Yes, he’s real. And, yes, the mustache is real. But will the addition or Dr. Z (Daimler Chrysler CEO Dieter Zetsche) prove to be a stroke of branding genius, or a little too much in the pot? By creating the “Z” character, Chrysler is putting a human face on its brand that has been missing since Lee Iacocca fronted the company, while subtly adding a message of “German engineering” to an American car brand. Though Daimler has owned the Chrysler nameplate for a decade, they have shied away from letting the Mercedes brand get too close in proximity. Even this new effort is further proof that branding flows downhill from premium to less premium. For instance, is there a campaign in Germany linking Chrysler with Mercedes? Uh, nein.
Even here in the U.S., the Mercedes brand name is never mentioned in the ads. Dr. Z touts technology that “we invented” on Chrysler cars when talking about stabilization systems, but stops short of actually mixing the two brand names. This is likely both smart and a little risky. Keeping the two brands apart is important, but borrowing on the equity of Mercedes engineering could still dilute the brand in the minds of loyal Benz drivers. Part of the strategy may be to globalize the Chrysler brand in the minds of their customers. After all car buyers are becoming less sensitive to issues of foreign versus domestic as more American cars have foreign parts and more foreign cars are built in the U.S. A more global brand could have unique appeal.

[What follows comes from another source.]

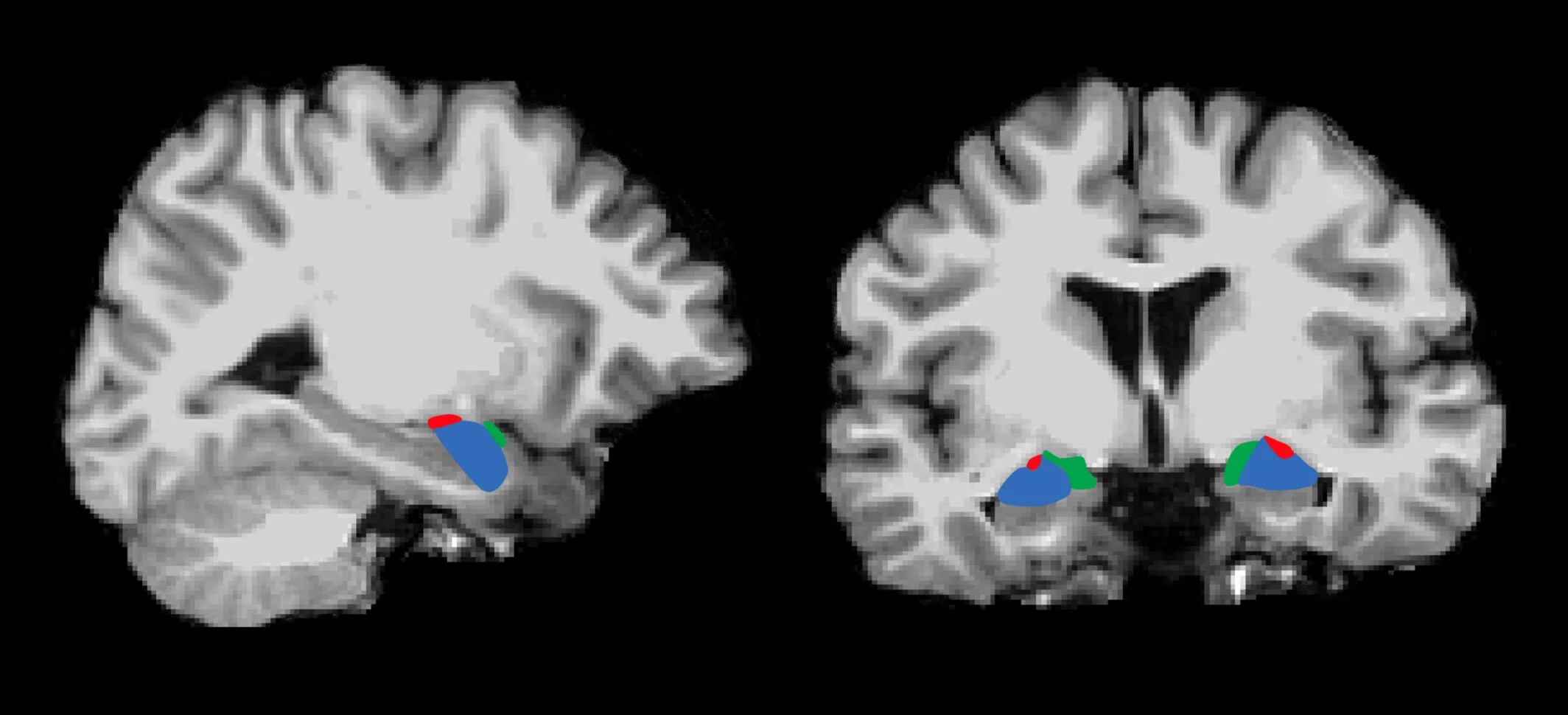 Imágenes de resonancia magnética (MRI T1) de la amígdala humana, una de las estructuras cerebrales que muestra asociación entre atrofia y pérdida de memoria con la edad, según el megaanálisis publicado en Nature Communications.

Chrysler sales have slipped this year, though, unlike Ford and GM, the company has remained profitable. The Dr. Z campaign has been added to a revised “That thang got a hemi?” effort touting their new gas saving “multiple displacement system,” and will soon be part of the introduction of new models for 2007. Will Dr. Z be the missing ingredient to success, or add clutter to both car brands? We’ll wake you if anything important happens.